Data:
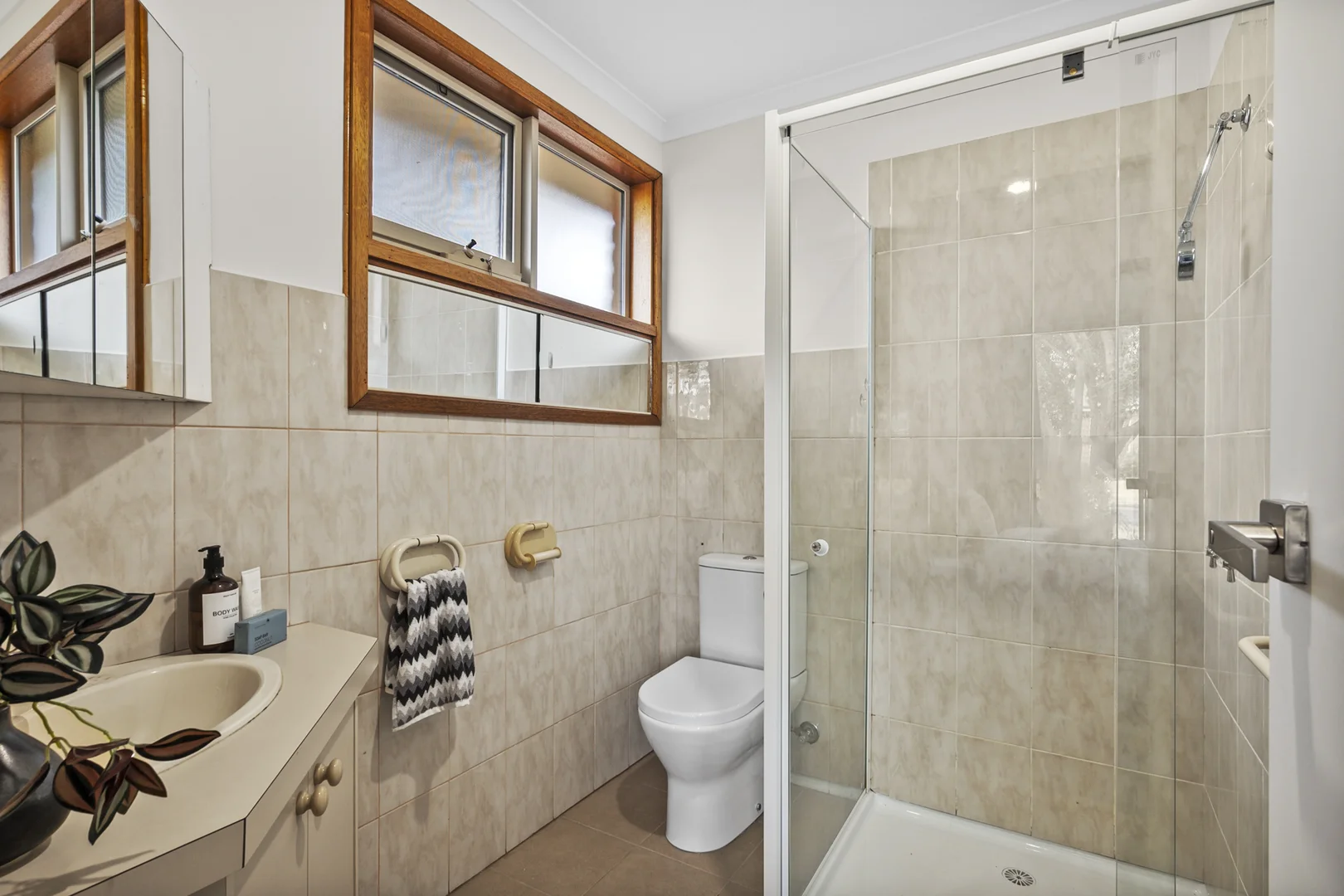 Additional image 7 of 24 Rowe Street, Hamlyn Heights VIC 3215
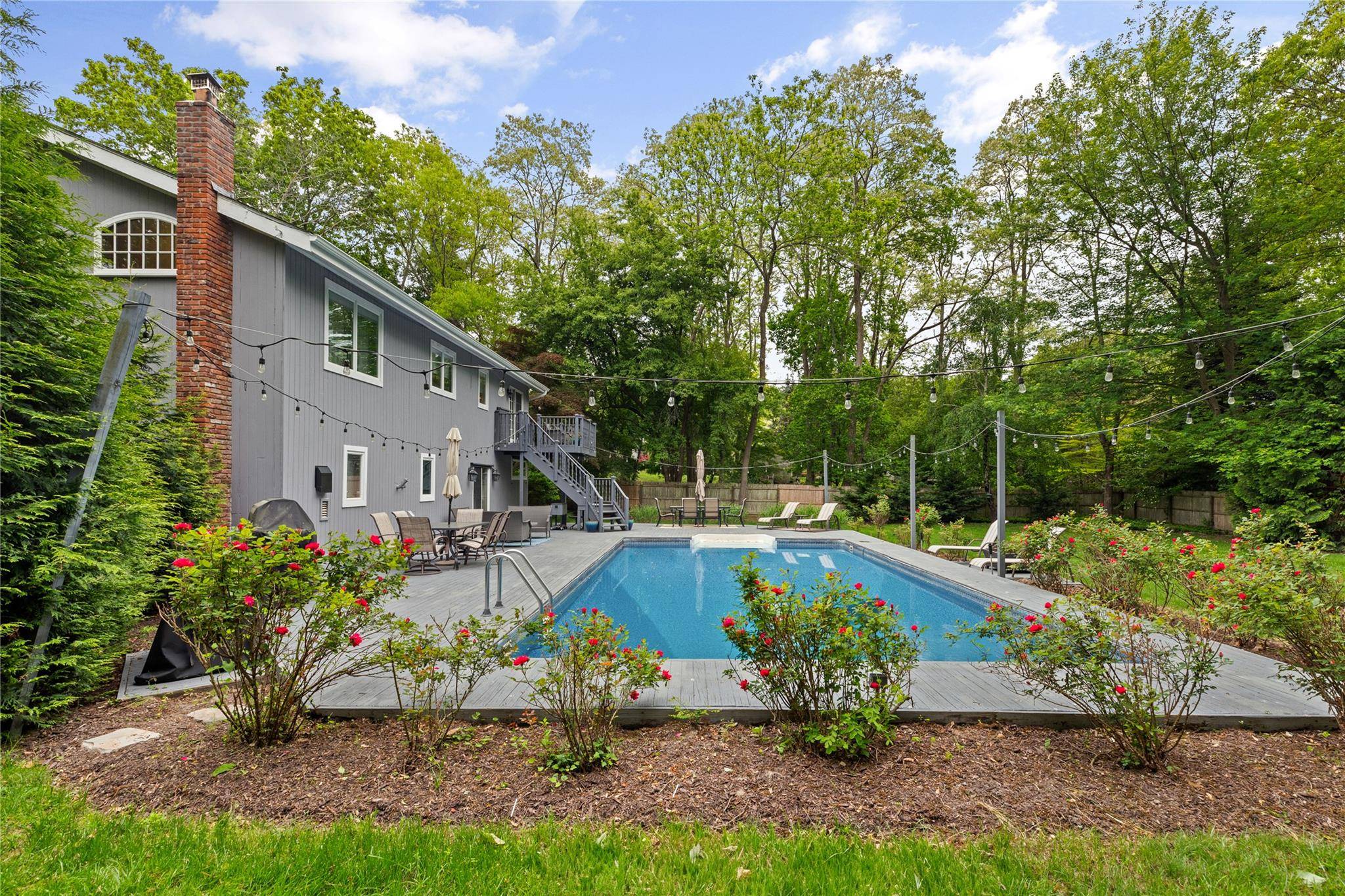 Wading River, NY 11792,25 Cliff RD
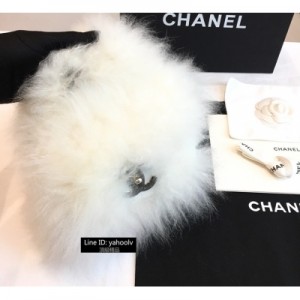 Chanel香奈兒 新款羊毛鏈條包 摸著超舒服 包身由精緻兔毛設計而成 包邊採用的是牛皮 皮革logo也是創意十足 金屬 鏈條 保證回頭率滿滿 尺寸17cm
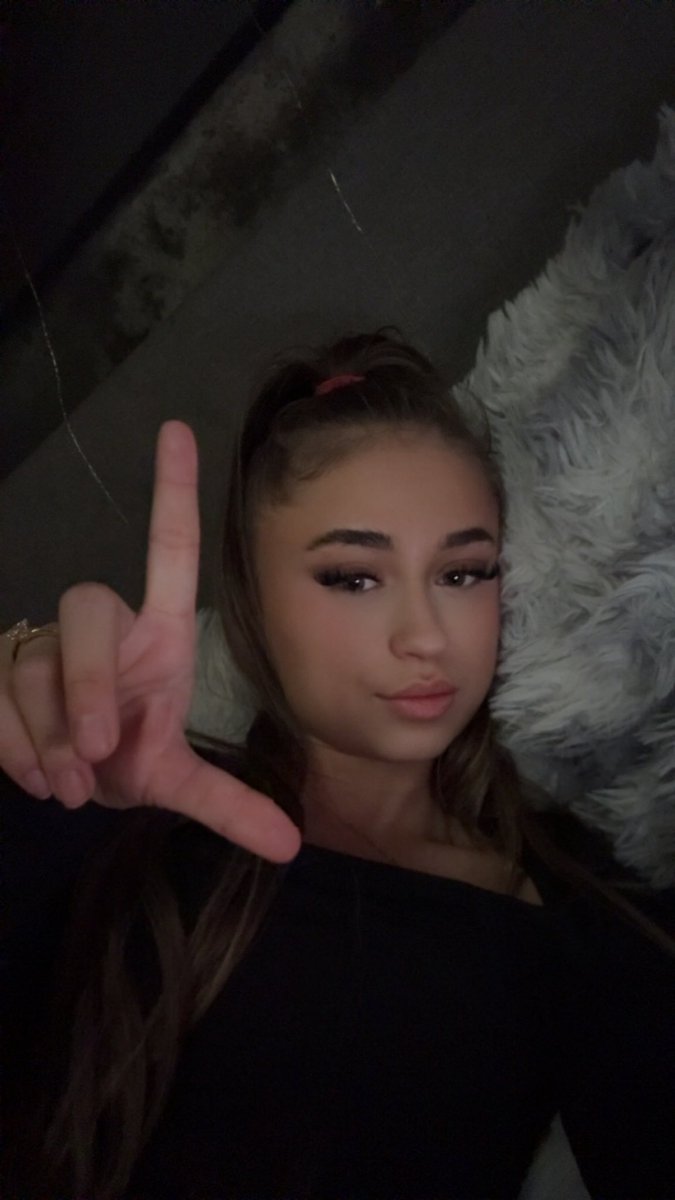GoddessSannexx2's tweet photo. Ik ga zometeen eventjes slapen, wie komt er nog een game met me spelen? 🎲
Ik verwacht ook koffie sends van jullie nu ☕️

Findomnl findom goddess loser tribute spoiled princess findomme finsub paypig https://t.co/ankCsVwP1d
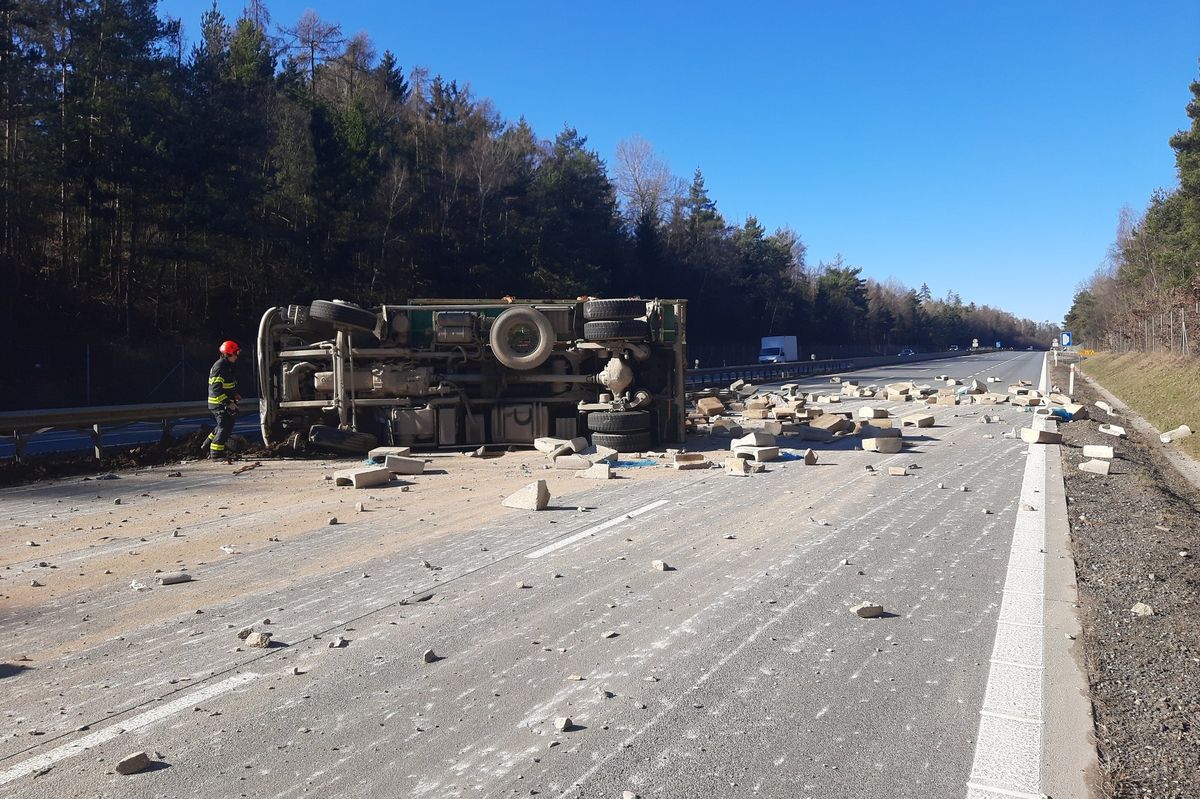 Řidič na D1 u Brna převrátil náklaďák. Dálnici zasypal betonovým bedněním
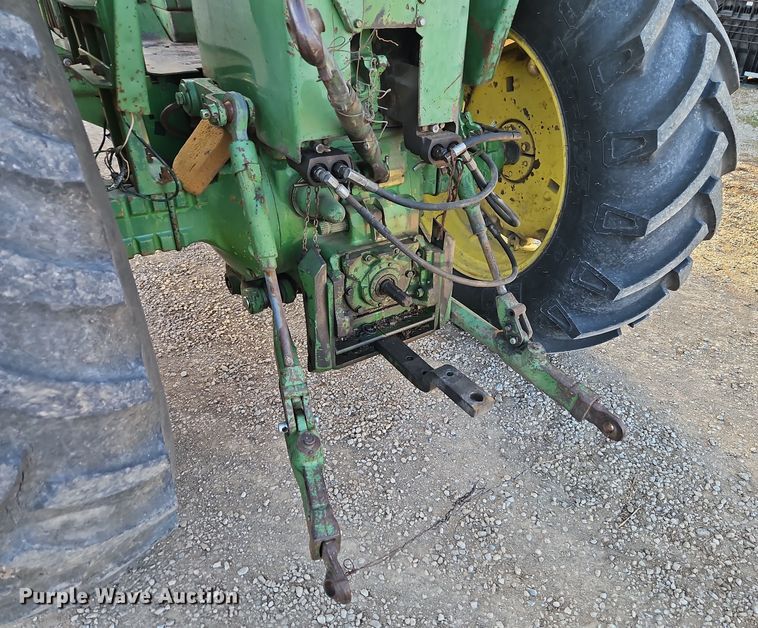image for item DT7658 1972 John Deere 4020 tractor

Aim of the exercise: Pictures are to be left out; the lines from the start of the records above through the line holding "Chanel香奈兒 新款羊毛鏈條包 摸著超舒服" are to be returned exactly.

Expected output:
 Additional image 7 of 24 Rowe Street, Hamlyn Heights VIC 3215
 Wading River, NY 11792,25 Cliff RD
 Chanel香奈兒 新款羊毛鏈條包 摸著超舒服 包身由精緻兔毛設計而成 包邊採用的是牛皮 皮革logo也是創意十足 金屬 鏈條 保證回頭率滿滿 尺寸17cm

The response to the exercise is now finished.